第27話
「世話になったな」
ルシフェラとハッスルした後、ベルセルクに見送られ、無事に魔王城へ戻ってきた珠希。ラピスも珠希を送ると、
「此度はありがとうございました。おいおいベルセルク閣下からお礼が届くかと」
と言って消えていった。
ラピスを見送った珠希な、ルシフェラへと手を伸ばす。何をするのか悟ったルシフェラは嬉しそうにその手を握った。
フッ、と珠希達の姿が消えると、次の瞬間、珠希達は王の間へと姿を表していた。
「ひゃ!びっくりした!」
なお、魔王は玉座にて完璧にだらけきっていた。
「ちょっと珠希くん!?来るなら来るで一言お知らせを……こほん、どうした?珠希」
「……魔王よ、今更取り繕っても意味無いかと」
「しー!ルシフェラ!しー!」
(なんだこのお茶目魔王は………)
「いい?ルシフェラ。こういうのはね、雰囲気が大事なの。例えバレても押し通す!このくらいの意気がないと!」
「は、はぁ……」
ルシフェラは諦め、ちらりと珠希へと視線をやり、「後は頼みます」とアイコンタクトで送った。
「………オスクロル。ベルセルク閣下の応援は無事に達した」
「うむ。それについてベルセルクから報告が来ていた。人間軍の殲滅……予想以上の成果だ」
「………あぁ」
珠希は下を向く。今更だが人を殺したという罪悪感が胸の内に出てくるが、首を振ってから追い出した。
(……いい。あいつらは殺されて当然の事をした。だから気に病む必要なんてない……)
クラスメートへの絶対服従や、奴隷化。どれをとっても許されることではない。
「……ルシフェラ。珠希をリリアの所へ連れていけ。そして、今日は休め」
「………すまん」
「感謝します、魔王よ。珠希様、私が支えますので………」
「……ありがとう」
フッ、と珠希達の姿が消え、オスクロルはふぅーと長い息を吐いた。そして魔王モードを解除して手を振った。

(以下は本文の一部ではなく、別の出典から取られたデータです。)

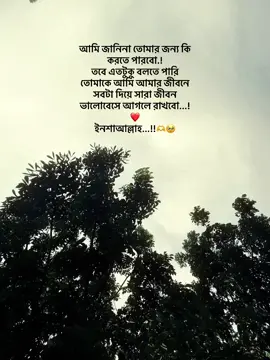 আমি জানিনা তোমার জন্য কি করতে পারবো.! তবে এতটুকু বলতে পারি তোমাকে আমি আমার জীবনে সবটা দিয়ে সারা জীবন ভালোবেসে আগলে রাখবো...!❤ ইনশাআল্লাহ...!!🫶🥹#trending #foryou #happy 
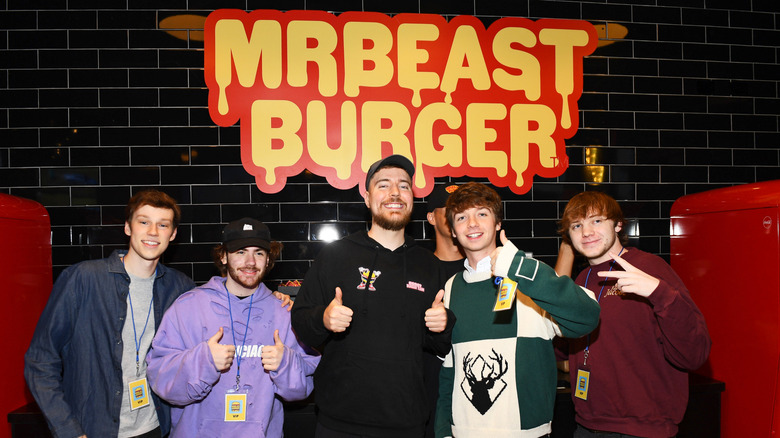 Nolan Hansen, Sapnap, MrBeast, Karl Jacobs and Punz at BeastBurger opening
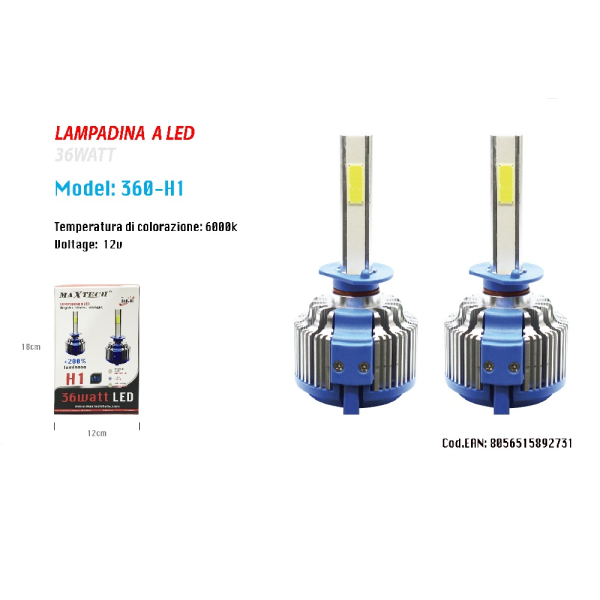 COPPIA LAMPADE LED AUTO FARI H1 MOTO KIT 36W 6000K FARO MAXTECH 360-H1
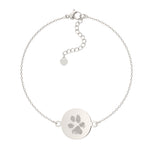 Freya Disc Silver Paw & Nose Print Chain Bracelet - Personalised Engraved Keepsake Jewellery | WildHoneybee UK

「……なにあれ!ルシフェラちゃんの翼完璧に染まってたわ!!」
画面に映るのは当然珠希とルシフェラの姿。
「ここ行く前はまだまだ若干灰色っぽい感じだったけど、今は光沢の黒になってるわ……気になる……私凄い気になる!」
野次馬根性たくましい魔王は両手を頬に当ててキャー!と叫んでいる。
この魔王。人の恋愛話大好きである。
「あの二人がよろしくな関係になった経緯は気になるけれどーーー」
オスクロルはもう一度手を振り、画面を消すと、長方形の盤上を出す。
「きっと次はーーーーーー」
「珠希様!」
「おっと………」
ミリーナの部屋に出ると、リリアが思いっきり抱きついてくる。素晴らしいお胸をしばらく堪能した珠希は、一番の功労者であるミリーナへと視線を向けた。
「おつかれミリーナ。五人は?」
「他のメイドへ任せた。今頃それぞれ、部屋でぐっすり睡眠中さ」
ミリーナはコーヒーらしき黒い飲み物をズズっと飲む。そうか、と珠希は呟いて嬉しそうに胸へ顔を押し付けてくるリリアを構ってやった。
「美波は?」
「彼女は神田の看病へ行ったよ」
一之瀬美波と神田朔良は友人関係に当たる。当初はミリーナの手伝いをしていた美波だが、朔良を見ると血相を変え、途中でミリーナの手伝いを、ミリーナの許可を取って抜け出した。
「……そうか、リリア。ちょっとミリーナと話があるから、ルシフェラと一緒に俺の部屋で待機しててくれないか?」
「……ルシフェラ様?」
「はい、リリア姫。行きましょうか」
リリアの手を取って転移するルシフェラ。
「……今度は天使……いや、あの羽の色は堕天使か……この色男」
珠希の後ろからしなだれかかるように抱きつくミリーナ。彼女の大きな旨が形を変える。
「……まぁでも、私が惚れたのはキスひとつで女を堕とく魔性の男……愛してくれるなら、何人だって構わないよ」
「……ミリーナ」
「ん?どうした珠希くん。私の唇ならいつでもーーーーむ?」
珠希は、勢いよく体を反転させると、その豊満な胸に顔を押し付け、力強く抱きしめる。
「………ふむ」
そしてよく見ると、珠希は震えていた。
「………いいだろう。気が済むまで甘えるといい。私が必要なら………」
ーーーーー君の思うままに、貪り尽くしても構わない。